Zur feierlichen Verabschiedung von Ursula Sievers (2.v.li.) war auch ihre Familie angereist, darunter ihre Söhne Philipp (li.) und Fabian (3.v.li.). Foto: Koch
Pfarrer Jensen war ihr nächster Pfarrer. Er führte die Arbeit fort, blieb immer ruhig – eine Gabe, meint Sievers anerkennennd. 40 Pfarrer habe sie in den 20 Jahren kennengelernt, jeder brachte etwas Besonderes mit. Darunter viele ausländische Pfarrer, „wunderbare Menschen, spannende Charaktere“. Pfarrer Mogge und Pfarrer Schmalstieg seien Künstler, Pfarrer Herbst habe sie getraut und ihr erstes Kind getauft – und kam sogar zu ihrer Verabschiedung. Pater Paulus und Pater Wolfert lernte sie in schweren Vakanzzeiten kennen, auch an Dechant Bürig erinnert sie sich gern.
Hilfe der Heiligen
„Niemand hat mir einen Glauben vorgelebt, der einengt“, sagt sie rückblickend, für sie das Wichtigste. „Jeder muss sein Leben selber vor Gott verantworten“, ist ihre Überzeugung. Humor kann bei der Bewältigung hilfreich sein. Oder Heilige. Sie habe ein Heiligenbuch von ihrer Mutter geerbt, verrät Sievers. So sei sie aufgewachsen: „Wenn es ein Problem gibt, gibt es Heilige, die uns helfen.“ Wer also seinen Schlüssel verliere, müsse sich nur an den Heiligen Antonius wenden... Warum nicht mal ausprobieren? Die nächste Bedrouille kommt oft schneller, als man denkt.

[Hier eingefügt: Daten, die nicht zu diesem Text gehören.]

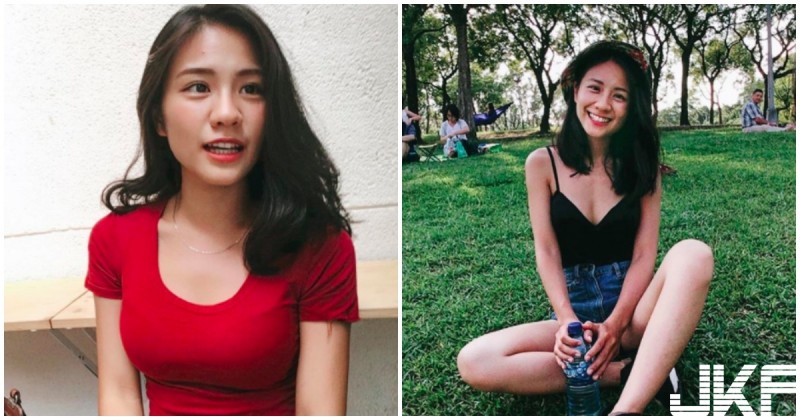 【6upoker】最美地政士！ 台科大正妹燦笑好療癒，還有超豐滿的乳能量！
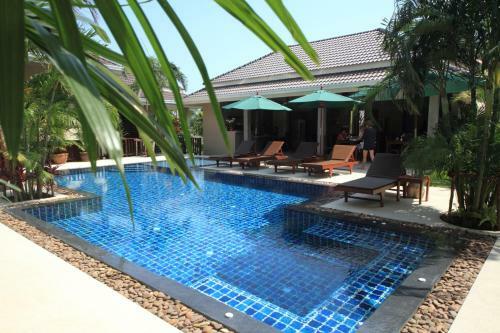 Hotel Baan Sawan Samui Resort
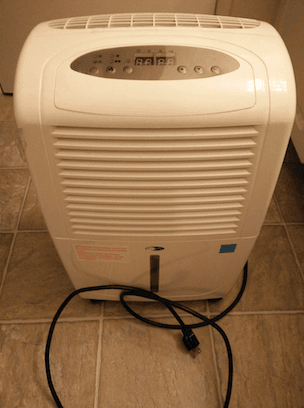 Dehumidifier 3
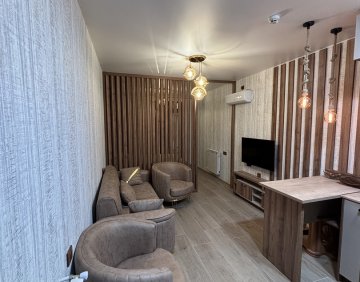 For daily rent 1 room flat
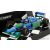 MINICHAMPS BENETTON F1 B194 N 6 3rd BELGIAN GP 1994 JOS VERSTAPPEN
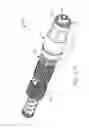 Fig. 13 - High retention force optical coupling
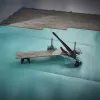 Wolfcraft VLC 1000 Aliuminis Juodas 37 cm Pjovimo Plotis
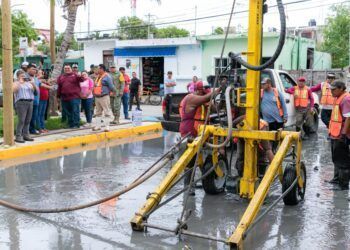 Vamos a transformar Cozumel con mejores servicios públicos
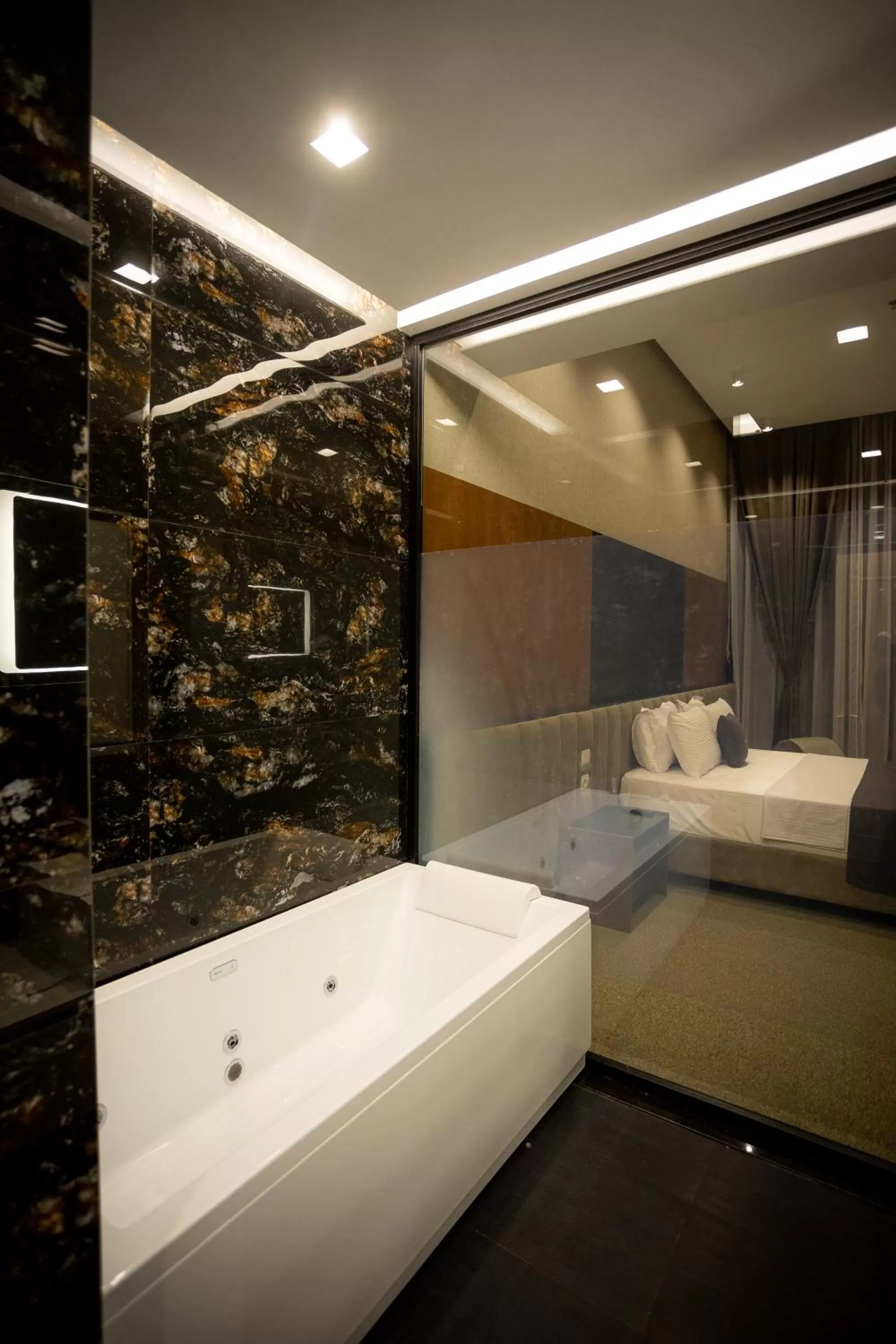 Bathroom in Deluxe Resort and SPA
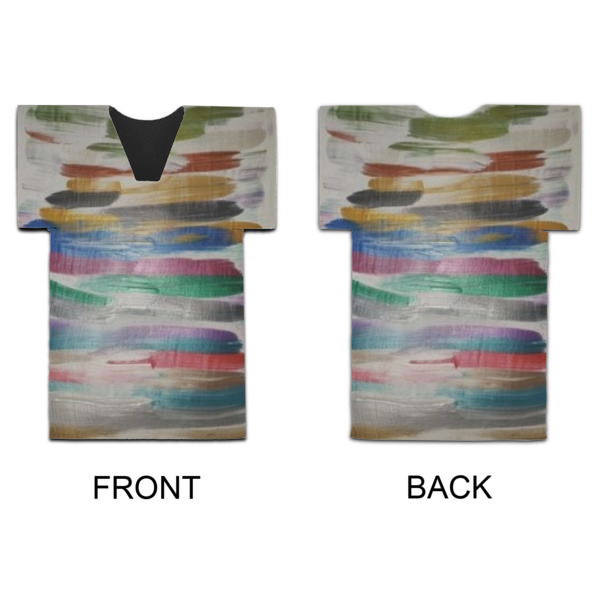 Custom Design - Jersey Bottle Cooler - APPROVAL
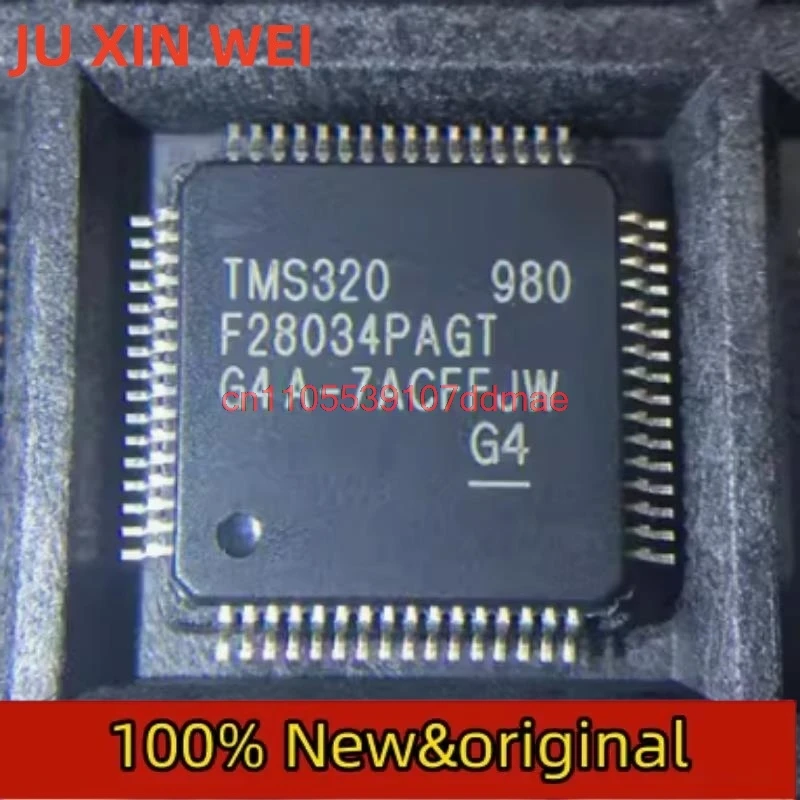 tms320f28034pagt-qfp64-novo-original-genuino
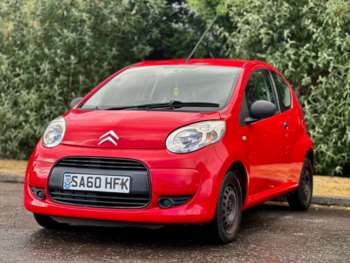 Used Citroen C1 2010 for sale - 74761383: Photo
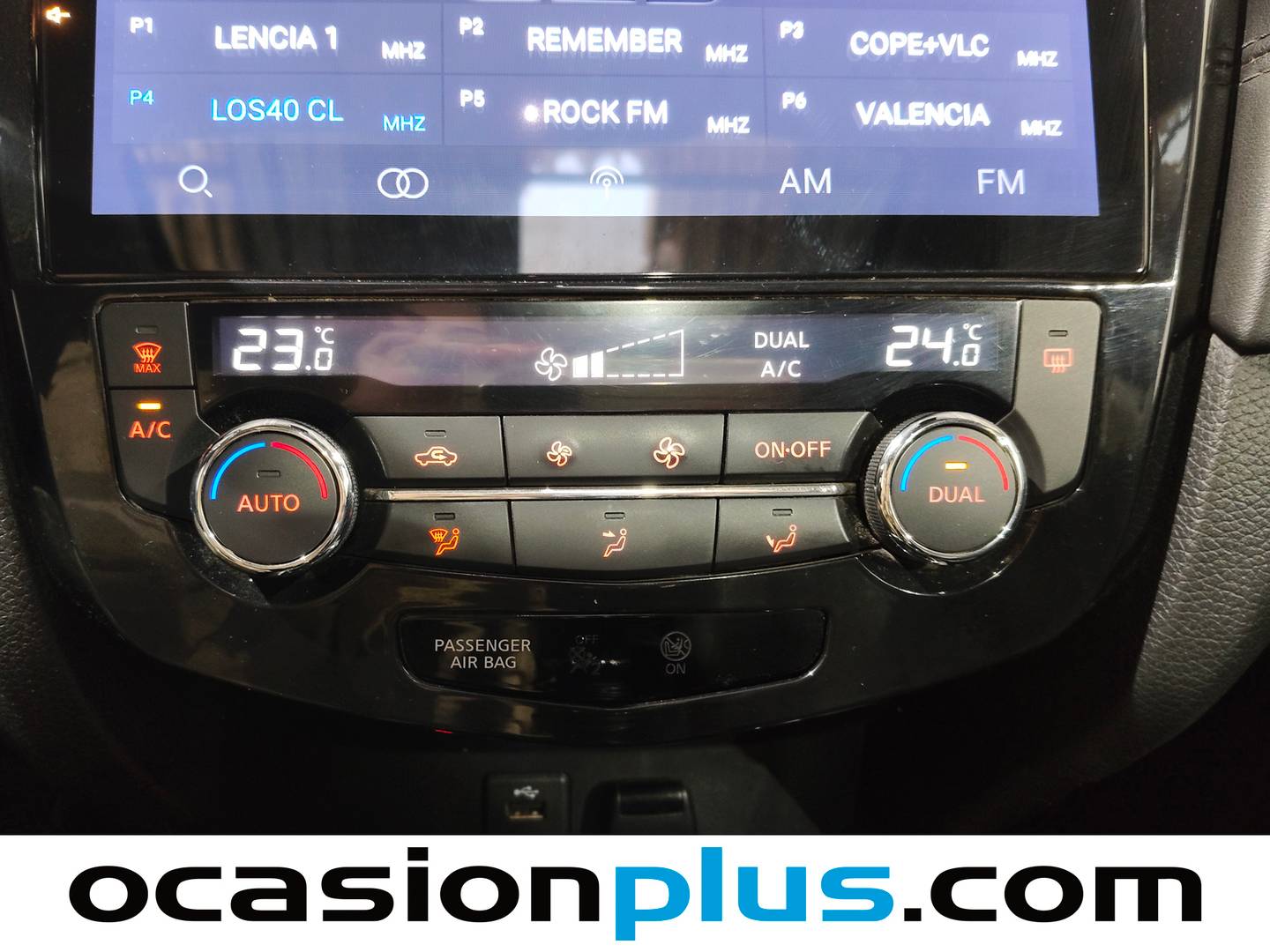 Nissan X-TRAIL Nissan X-Trail dCi 150 Tekna 4X4-i (150 CV) de ocasión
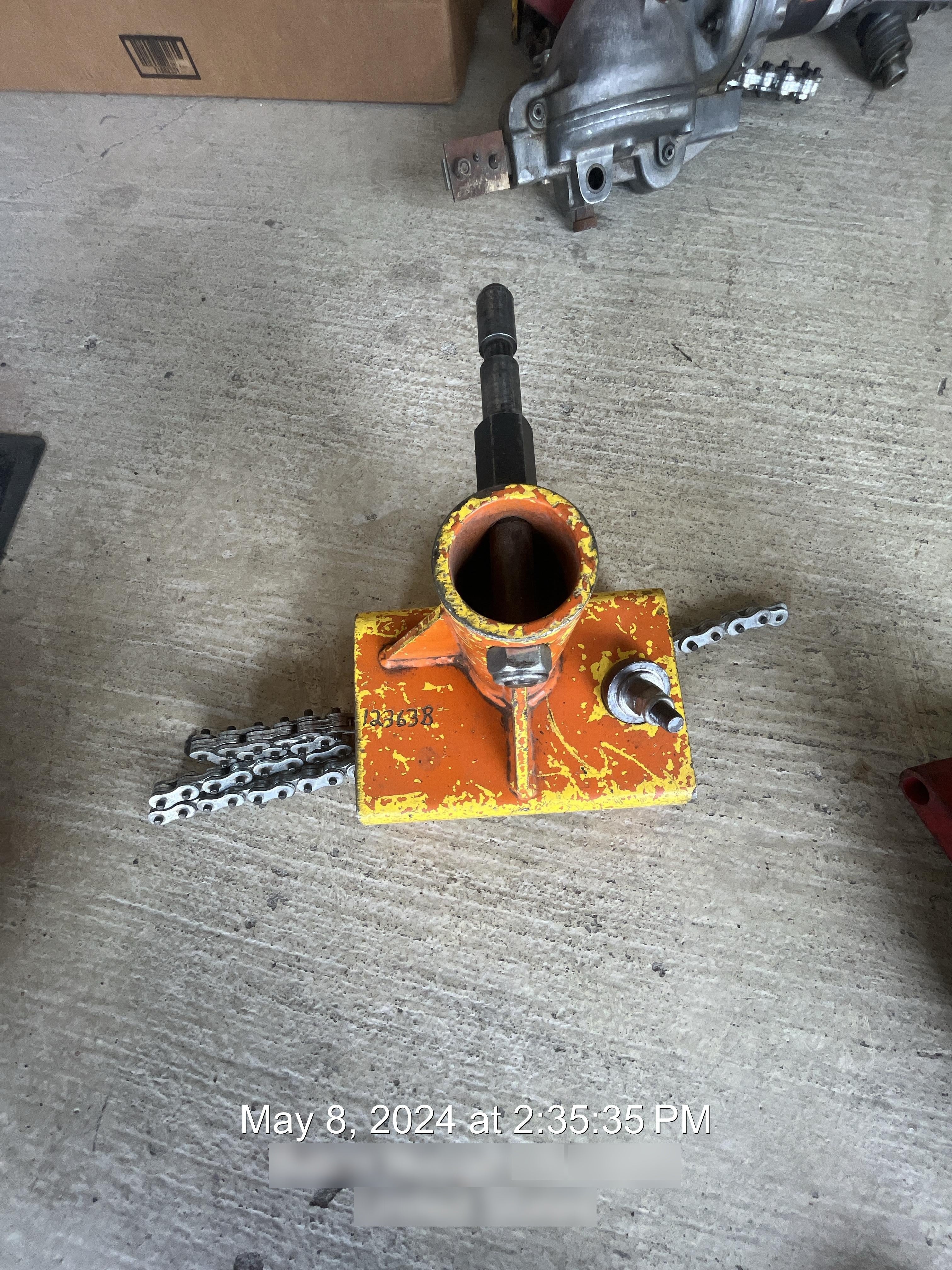 2021 MICHIGAN PNEUMATIC 10267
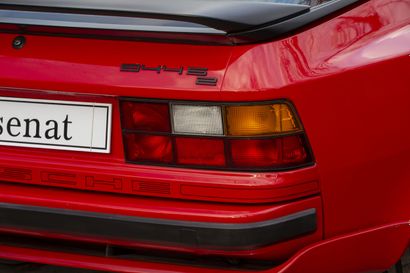 1991 Porsche 944 S2
- Serial number: WPOZZZ94ZMN400152
-...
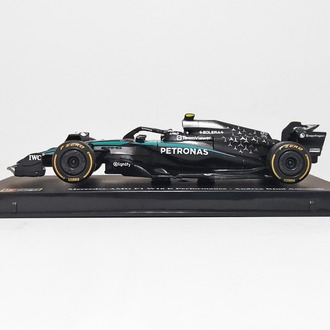 Mercedes W16 (2025) Antonelli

Am Ende ihres erfüllten Berufslebens bleibt Dankbarkeit. Dafür, dass Sie alle schwierigen Zeiten zusammen mit anderen Menschen gemeistert hat. Und Dankbarkeit der Katholischen Kirche Nordharz, dafür, dass sie da war. „Danke für alles, was Sie für die Menschen hier getan haben“, sagte Pater Paulus in der Abschieds-Abendmesse in St. Jakobi und sprach damit vielen aus dem Herzen.